Manuela Saenz is a historical biography movie directed by Diego Risquez, with a script by Leonardo Padron. It stars Beatriz Valdés in the title role, alongside Mariano Álvarez as the liberator Simón Bolívar. Other main cast members include Erich Wildpret, Juan Carlos Alarcón, Orlando Urdaneta, Manuel Salazar, Alejo Felipe, and Juan Manuel Montesinos.

The movie premiered in Venezuela in December of 2000 and had a special screening in the city of Washington in January 2001.

In 2003, the movie was released in France, specifically at the Biarritz Film Festival.
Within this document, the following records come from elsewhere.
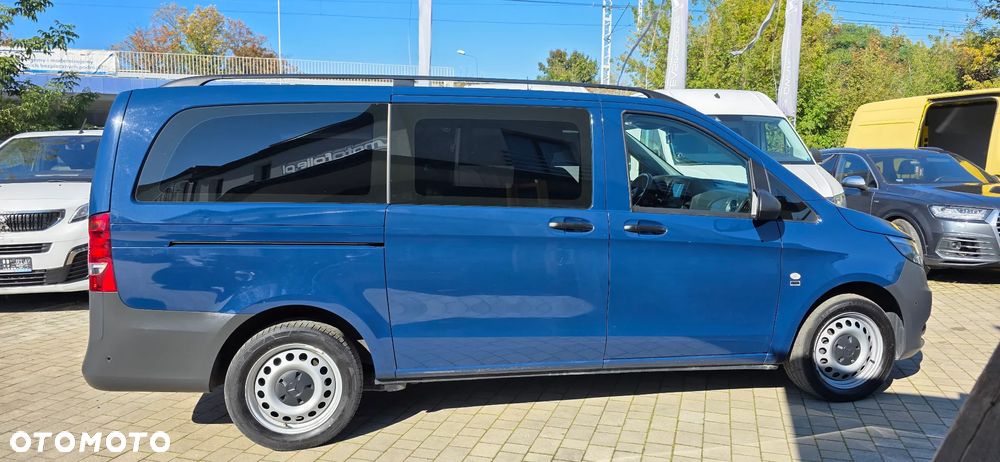 Mercedes-Benz Vito - 12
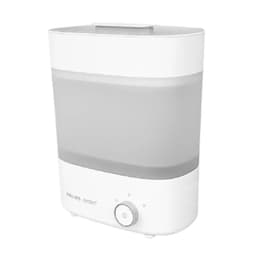 Máy tiệt trùng và sấy khô bình sữa Philips Avent SCF293.00 - Bảo Hành 24 Tháng Toàn Quốc 2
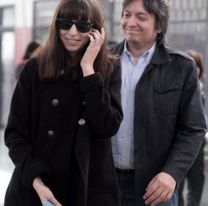 La fortuna que la Justicia le decomisó a los millonarios Máximo y Florencia Kirchner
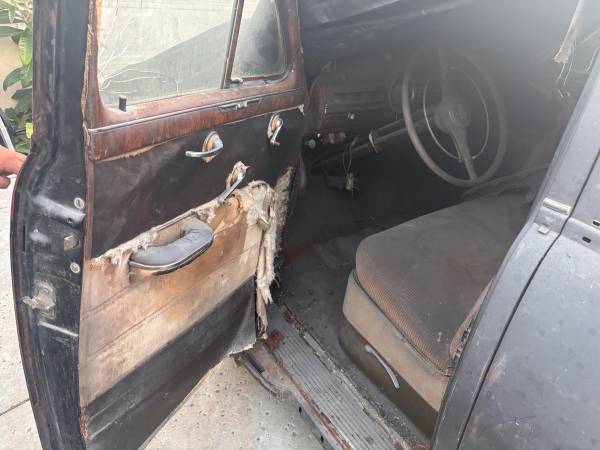 1948 Chevrolet Style Master — photo 5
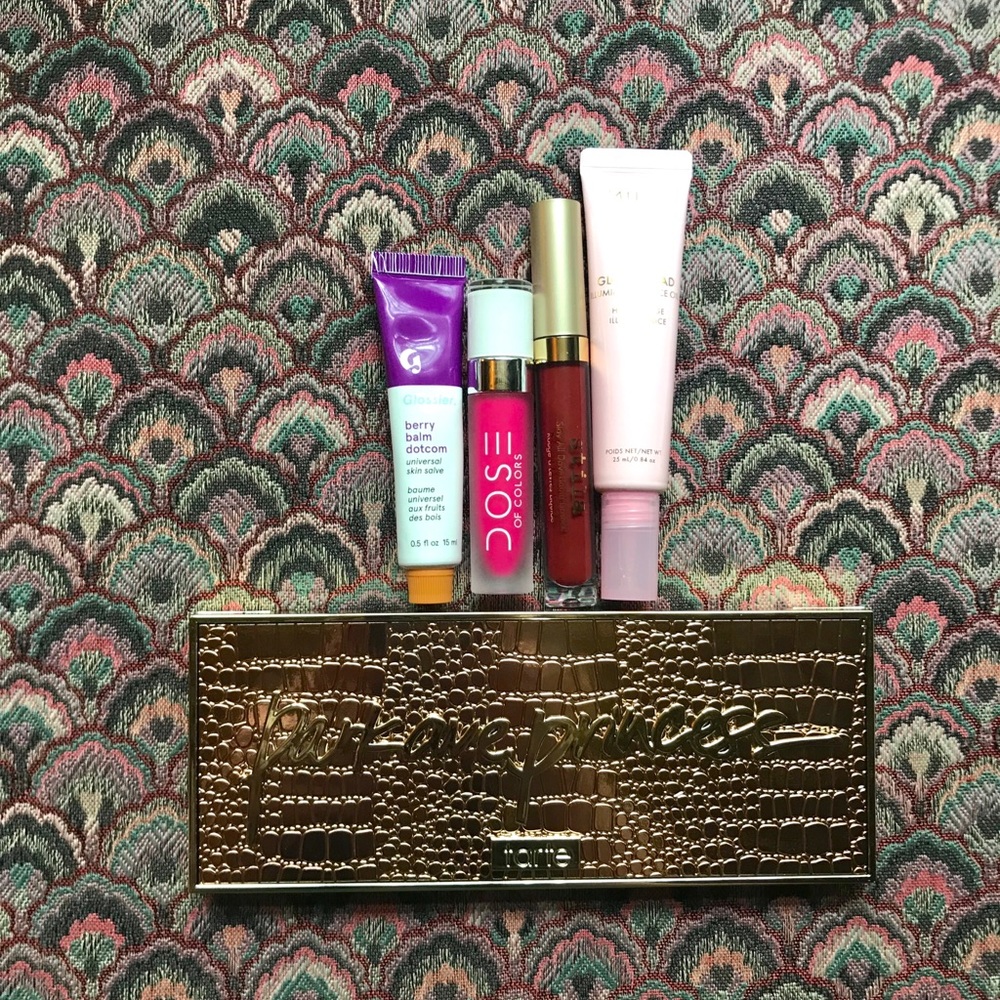 Makeup Bundle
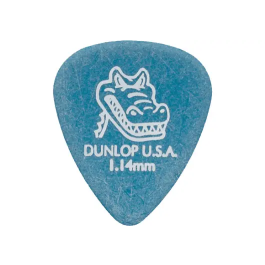 Dunlop Sachet de Púas de Guitarra 72 Unidades, 1,14 Mm Precio: 27.78999982. SKU: B18ZCRSCV5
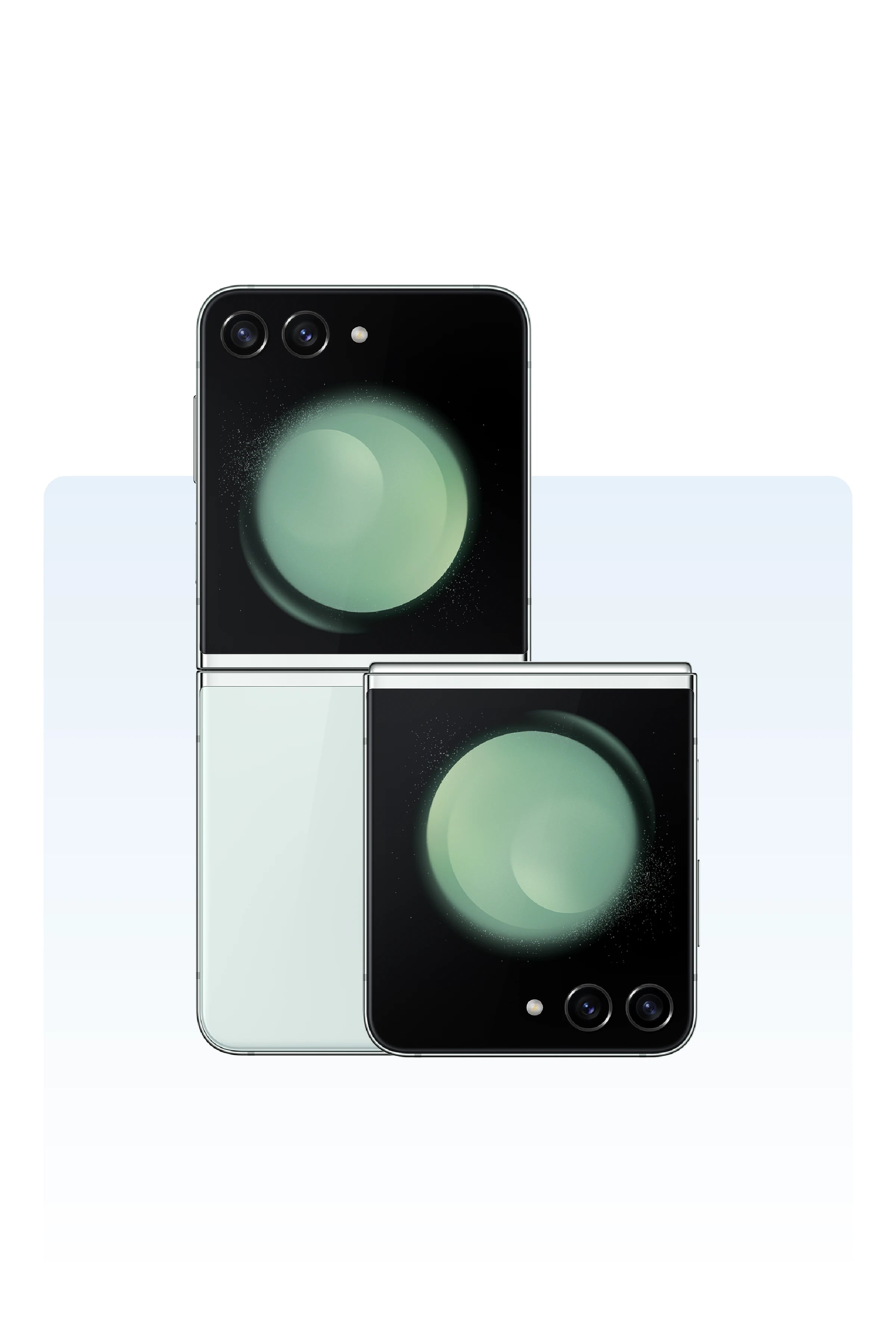 Samsung Galaxy Z Flip 5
In 2006, the movie was broadcast on the Venezuelan channel Venemovies, a subsidiary of the Venezuelan broadcasting service Venevision.

== Plot ==
In 1856, a whaler arrives in Paita, Peru; on board is Herman Melville, who is astonished to learn that Manuela Sáenz, for eight years the lover of Simon Bolivar, is still alive. He calls on her, and although she will not talk to him about her life, his visit sends her to her chest of Bolivar's letters. As she reads them, the sepia-toned present gives way to flashbacks in color: she meets 'the Liberator' in 1822, becomes his lover, and also becomes a colonel in his military movement to realize the 'Gran Colombia', one nation across South America. As plague (brought by the ship) closes in on Manuela's household, so does her tempestuous story move toward Bolivar's betrayal and death

== Cast ==

- Beatriz Valdes as Manuela Saenz
- Mariano Alvarez as Simon Bolivar
- Erich Wildpret as Hernan Melville
- Juan Carlos Alarcon as Jose Maria Sanz
- Alejo Felipe as Vicente Ayuso
- Asdrubal Melendez as General Anastasio Bustamante
- Juan Manuel Montesinos as Jose la Mar
- Isabel Herrera as Natividad
- Manuel Salazar as Agustin Gamarra
- Orlando Urdaneta as Simon Rodriguez

== Reception ==
The movie currently has a score of 6.5/10 on the cinema website IMDb.

According the movie website page “ El espectador Imaginario” one of the best elements in the film are the dramatic scenes. The principal lead cast have good chemistry and retells the history of love between Simon Bolivar and Manuelita Saenz. One lacks aspect its the scenes of battles to shorts and very low budget for recreate.